In 1941, as a senior in high school, Shulamit decided that the time had come to make aliyah, so she abandoned her studies and made aliyah illegally with a Beitar group. After a long and exhausting trip in a rickety ship, along with harsh storms and a risk of drowning, she reached the Land of Israel in 1941. The boat was seized by the British and its passengers were sent to Mizra.

This was when she first made connections with Lehi. Once she was released, she joined the movement and became an active operative, and she picked the nom de guerre Shulamit, which eventually became her legal name. She supported herself with odd jobs.

When Yitzhak Shamir fled in late 1942 from Mizra and rearranged Lehi, he put Shulamit in charge of his communications. Her rented room was a hiding place for Shamir and Lehi leaders. Shulamit became the permanent escort of the head of Lehi, and in 1944, they married, while still serving in the underground. In 1945, their firstborn Yair was born. After Yitzhak was arrested in 1946, she continued her activities, leading to her arrest by the CID in 1947. For eleven days, she maintained a hunger strike, and only Rabbi Aryeh Levin, the prisoners’ rabbi, convinced her to stop. She was finally released on 1.5.1948.

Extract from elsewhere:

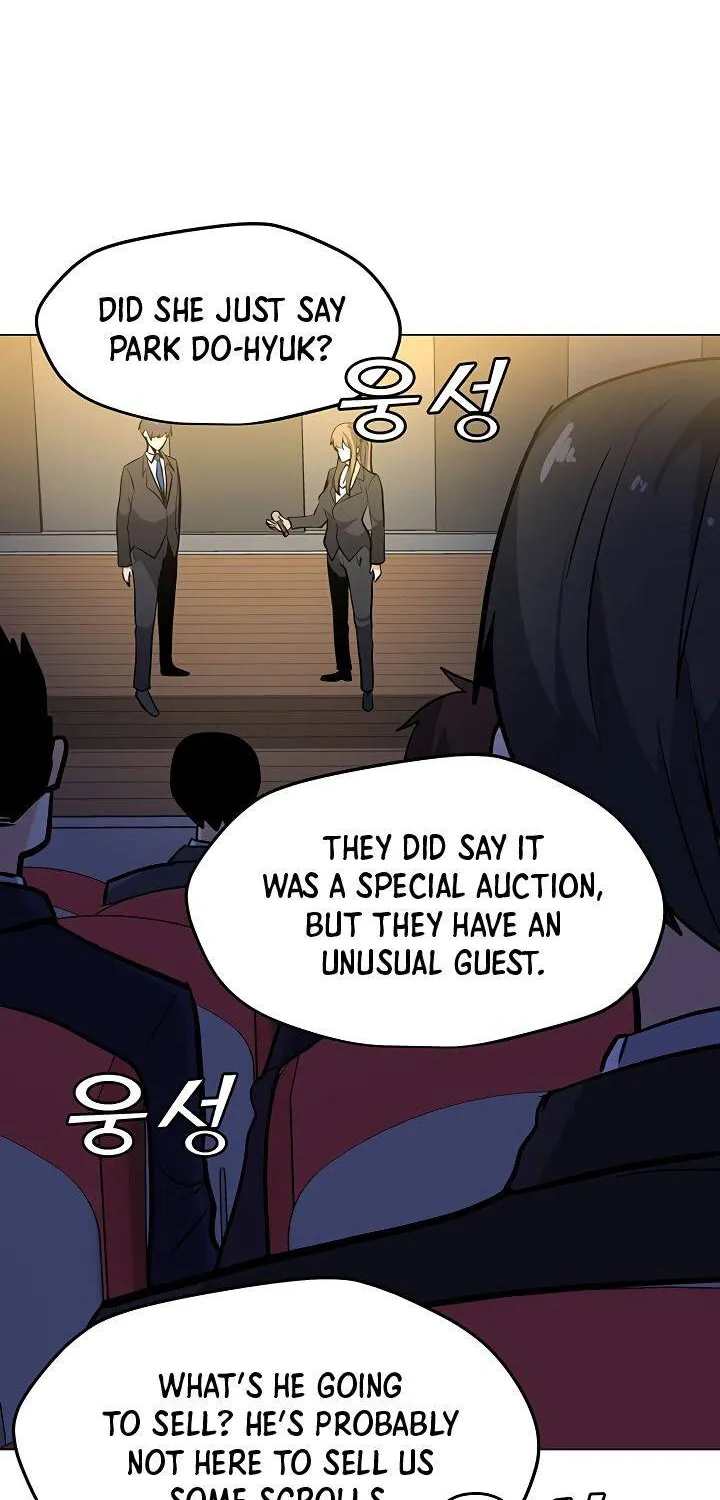 Read Solo Spell Caster chapter 46 image 15 on Lezhin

Once the State of Israel was established, Shulamit accompanied her husband throughout his career, in the Mossad and in the Knesset, as he went from Speaker to Foreign Minister to Prime Minister of Israel. As the wife of a high political official, she was a hostess for dignitaries and accompanied him to all sorts of government functions. She carried out her duties to a T; but above all, she was a dedicated, loyal friend and partner to her husband, providing him love and a warm home in which he could relax from the stress and exhaustion of his position.

Beyond her official functions, she also dedicated time to helping those in need and speaking to and for them. She established a non-profit for seniors and served as its president, and she also served in many other institutions for public and social welfare. Shulamit went back to Bulgaria a number of times to visit, and she was greeted with enthusiasm. She helped considerably in the warming of relations between the two countries. In 1991, the government of Bulgaria honored her with a commendation for activities in this area.

Shulamit and Yitzhak Shamir had two children: Yair, a colonel in the Air Force, and Gilada.